Objet scientifique (la mesure, la métrique) et artisanal (lisibilité, attrait de l’ouvrage), l’histoire de la carte de France concçue par Jean-Luc Arnaud recèle quantité d’évolutions oubliées et de petites révolutions. Le territoire français propose un socle d’étude singulièrement intéressant et Jean-Luc Arnaud, directeur de recherches au CNRS fondateur du site Cartomundi (www.cartomundi.fr), le sonde avec brio, de 1750 à l’arrivée de la numérisation. Au terme de cette somme de 448 pages parées de 630 reproductions qui fera date, le lecteur mesurera tout le poids du sous-titre « histoire et techniques ». En effet, J-L Arnaud déploie une montagne de références au sein des deux parties. Tout d’abord, Deux siècles de production se focalise sur les aspects de la production cartographique, puis Séries, éditions particulières et dérivés, est consacrée à la présentation des documents et organisée série par série, suivant l’ordre chronologique des publications.

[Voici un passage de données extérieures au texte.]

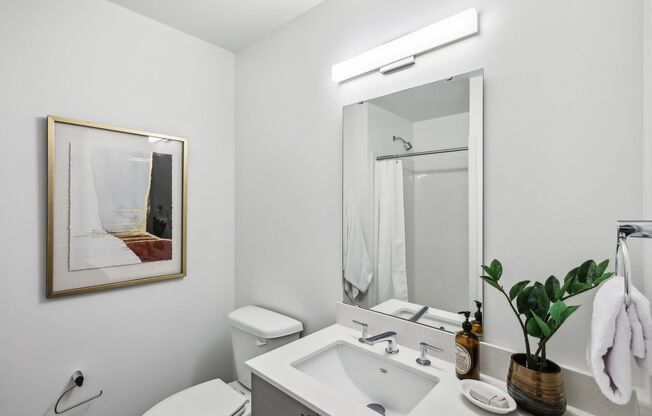 Studio, 1 bath, 308 sqft, $1,450, Unit 534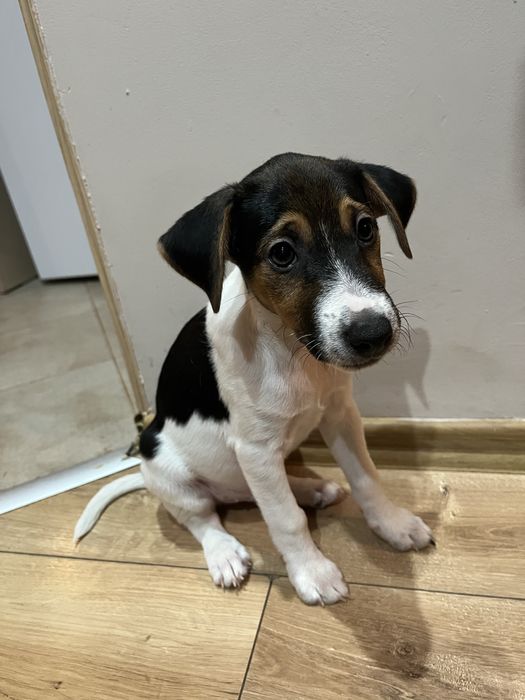 Джак Ръсел териер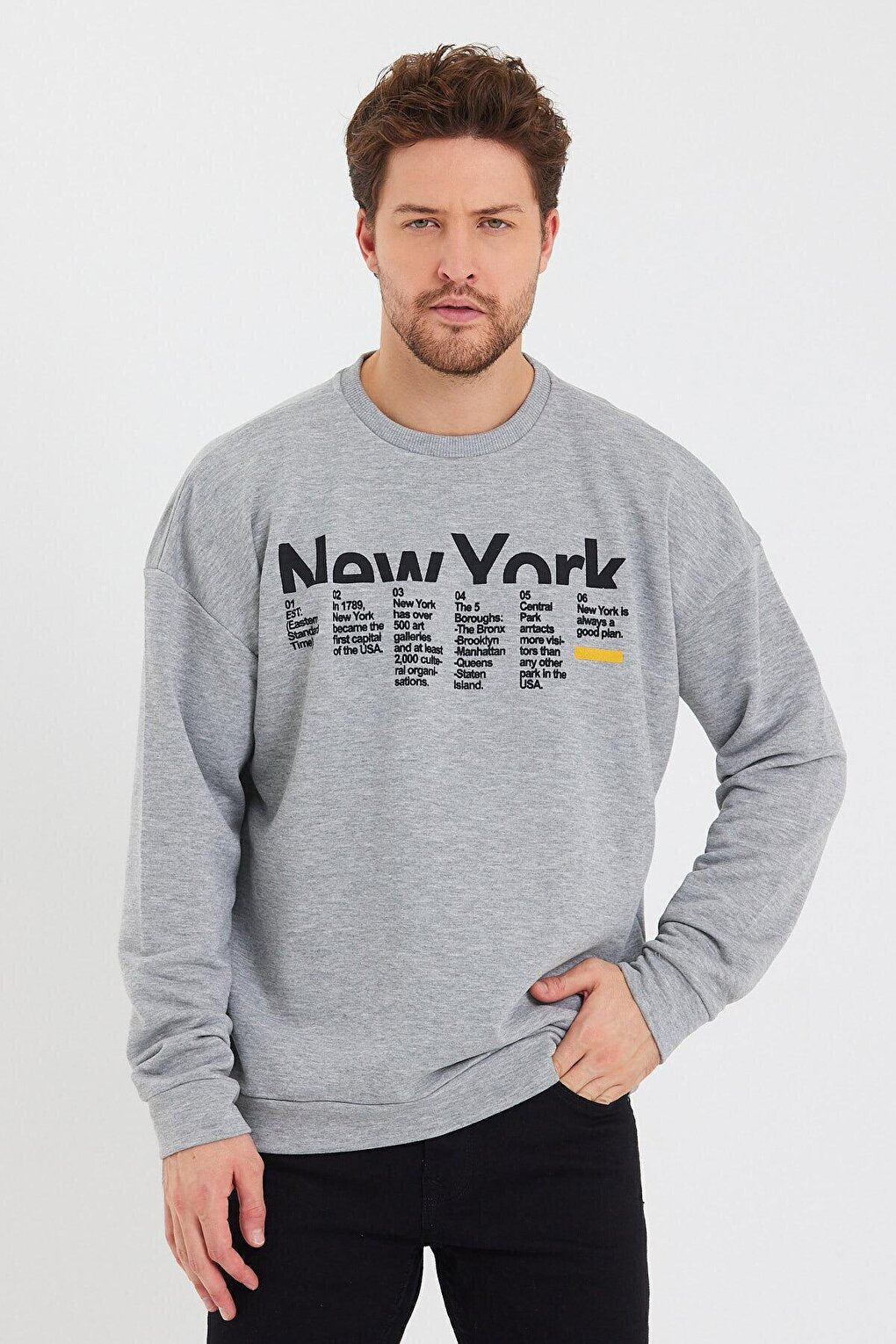 Men's Crew Neck Oversize Fit New York Printed Thin Sweatshirt SPR23SW332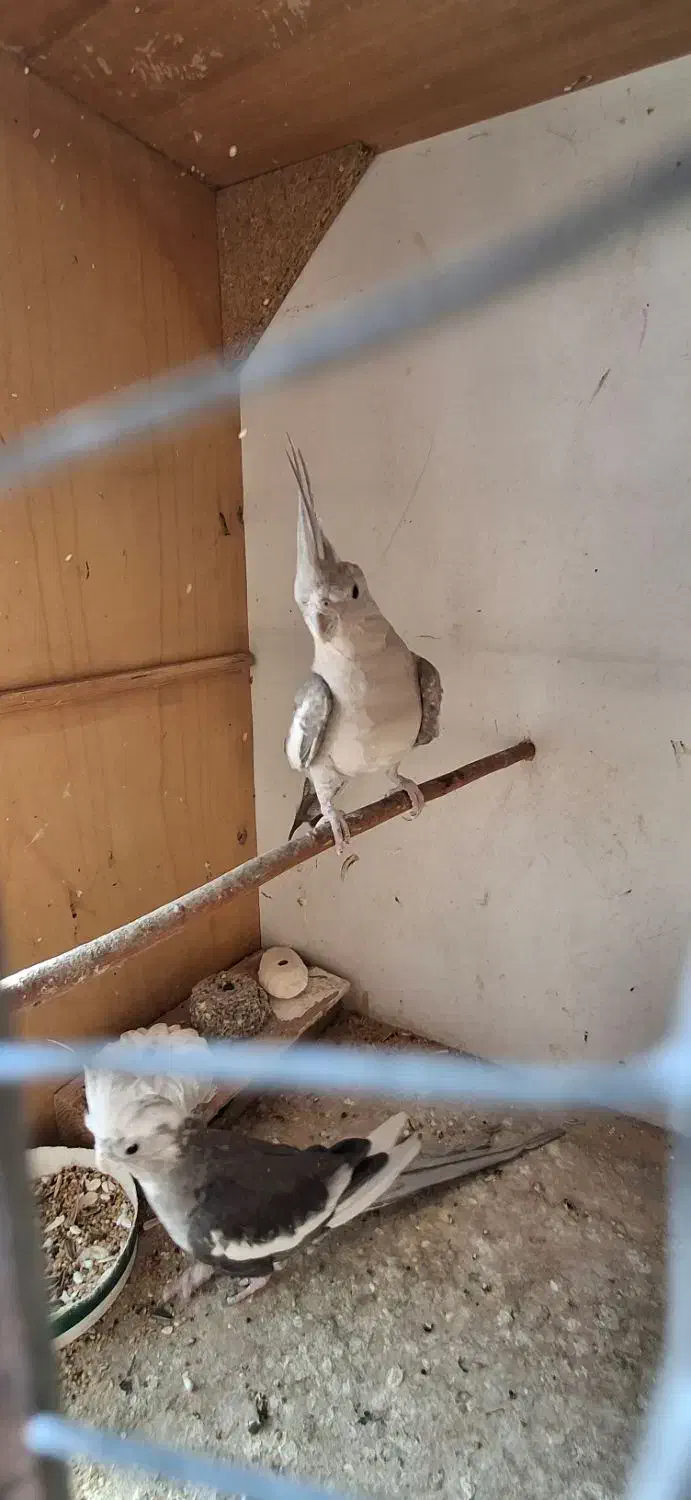 طوطی عروس|پرنده|نکا, |دیوار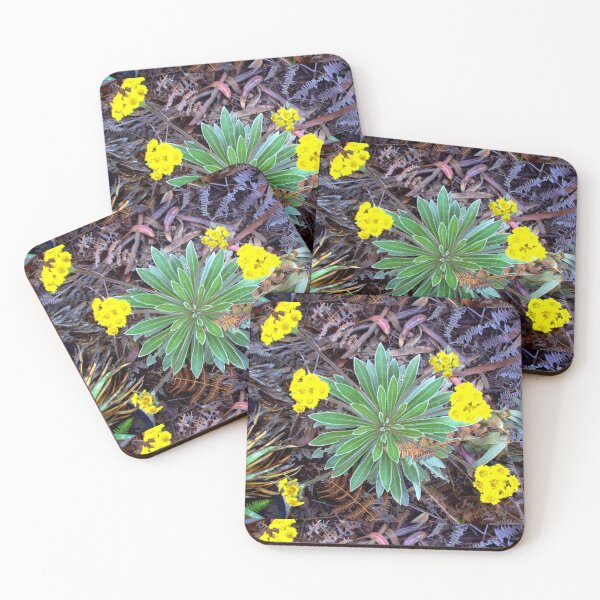 Item preview, Friend Frailejón designed and sold by Chipchaman.
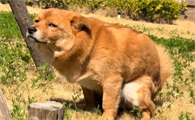 狗狗便秘可以吃什么药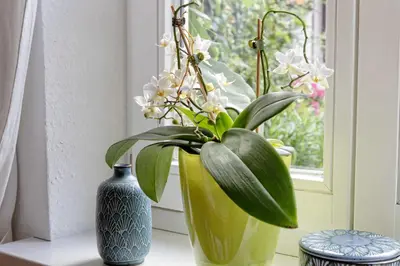 Ein Garten an der Unterkunft An der Gose - Gästezimmer & Appartement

Un savoir-faire exceptionnel

Après une mise au point sur le temps long débutée avec l’expérience fondatrice de Cassini, l’auteur propose une vertigineuse seconde partie, mine de cartes parfois insoupçonnables. Ce second temps marie des cartes très variées tant dans leur objet (capacité des ponts routiers, tourisme, fortifications, géologie…) que dans leur échelle, avec des commentaires denses et concis qui autorisent non seulement une rapide contextualisation de ces productions dans le temps, mais aussi des repères dans l’évolution même des techniques cartographiques (couleurs, impressions, pliages…), influencées ou non par les avancées internationales.

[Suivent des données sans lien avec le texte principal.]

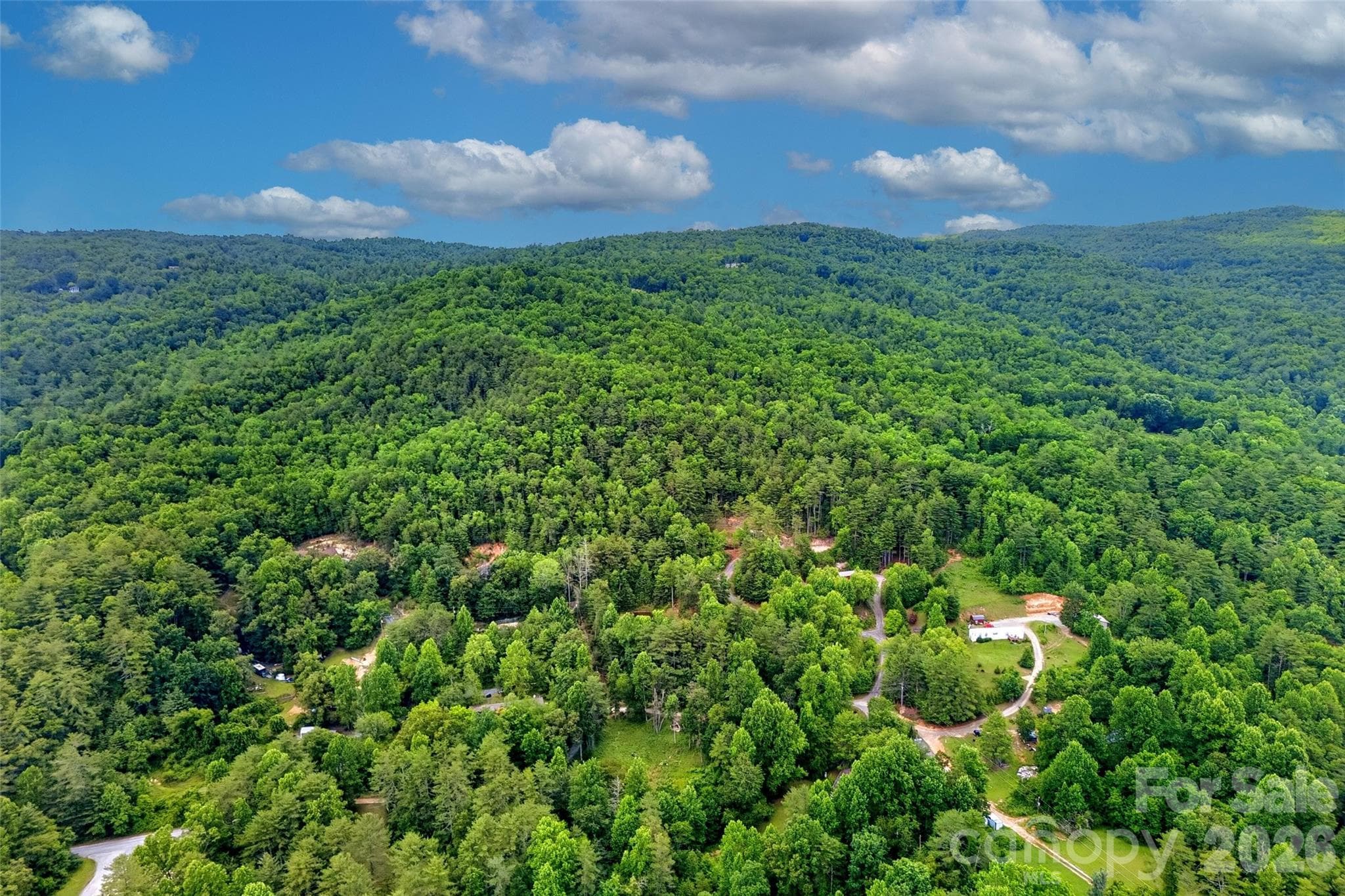 Acreage at 259 E Lester Lane, Hendersonville, photo 13 of 38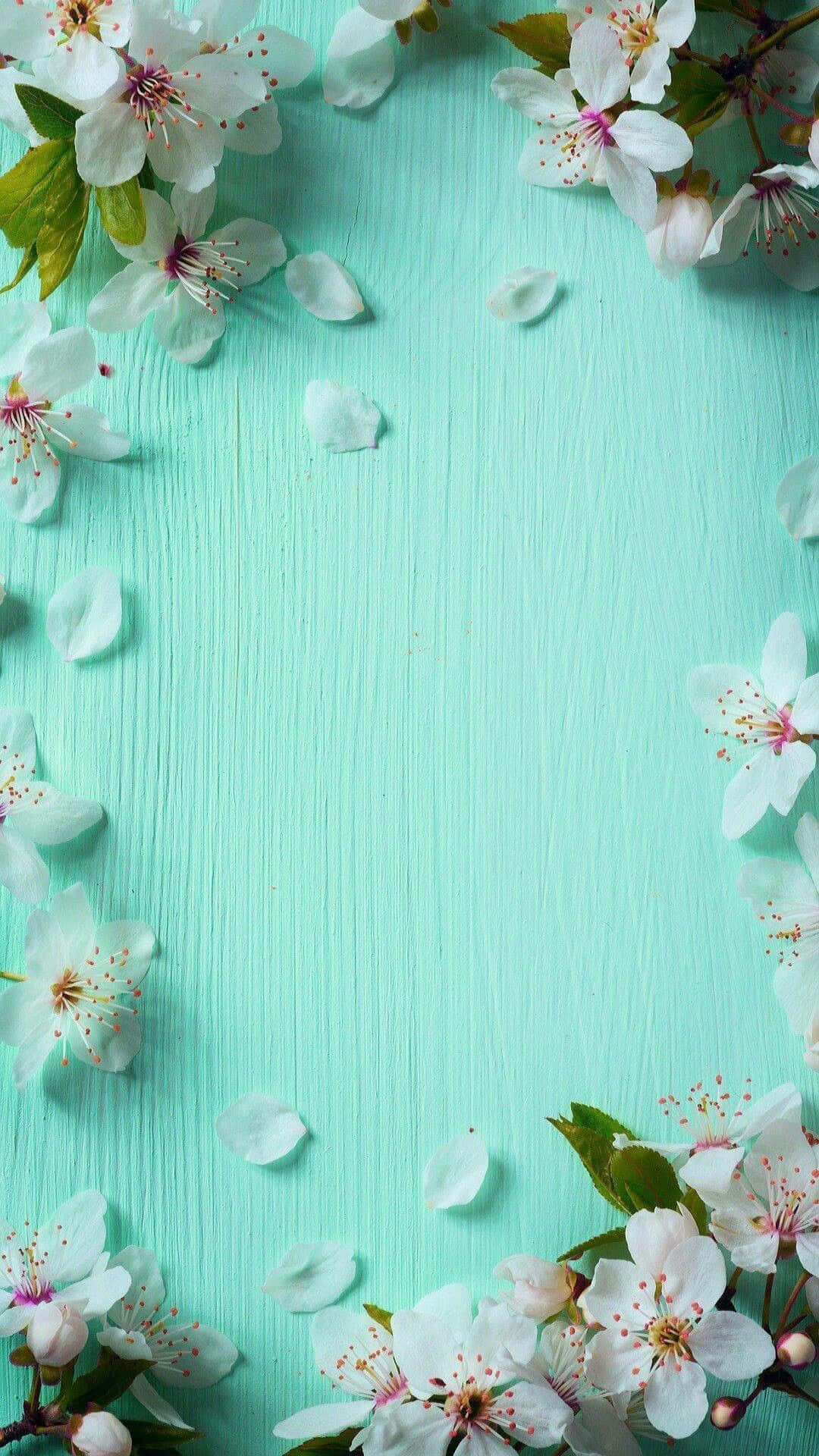 Mint green, iPhone, white cherry blossoms, Full HD Phone Wallpaper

Un patrimoine à valoriser….

Fort de ce savoir-faire cartographique exceptionnel développé depuis le XVIIIe siècle, la France constitue un espace à part dans l’histoire de la cartographie planétaire et dispose aujourd’hui d’un imposant patrimoine de relevés aussi scrupuleux que divers et anciens. Traditionnellement peu scruté par la recherche historique au profit de supports plus anciens, l’objet « carte de France contemporaine» intéressera toutefois tant l’historien que le géographe, le sociologue ou l’anthropologue. Une part de ces derniers y apprendra que les cartes de France sont soit des monographies où une seule carte suffit à représenter le territoire hexagonal, ou des séries géographiques, pour lesquelles il faut, selon l’échelle, de deux à des dizaines de cartes afin de représenter ce même territoire. Ainsi, la fameuse Série Bleue IGN ou série géographique de la carte de France au 1:25 000 (1cm carte = 250 m terrain) complète mesure quarante mètres de côté !

.et à diffuser

L’ouvrage souligne par ailleurs que ces richesses cartographiques qui couvrent 250 ans méritent d’autres éclairages et une valorisation publique et/ou privée accrue afin de poursuivre le processus de vulgarisation qui caractérise l’évolution de ce média à part, longtemps apanage du pouvoir et des états-majors. Aujourd’hui et depuis une quinzaine d’années, les cartes sont devenues l’expression non plus d’un dessin mais d’une base de données. Le progrès sans doute.

Les sources convoquent Les Mémorial(s) publiés par le Dépôt de la guerre à partir de 1802, les rapports d’activités du Service géographique de l’armée, de l’Institut géographique national. Mais surtout la cartothèque de l’IGN qui offre pléthore de supports cartographiques, préparatoires ou achevés.

Au total, nous feuilletons autant un beau-livre – cet ouvrage intègre la collection Arts – factuellement irréprochable (impression, couleurs, mise en page) qu’un grand ouvrage de vulgaraisation grâce à l’éditeur marseillais Parenthèses qui confirme ici toute son audace et sa pertinence éditoriales.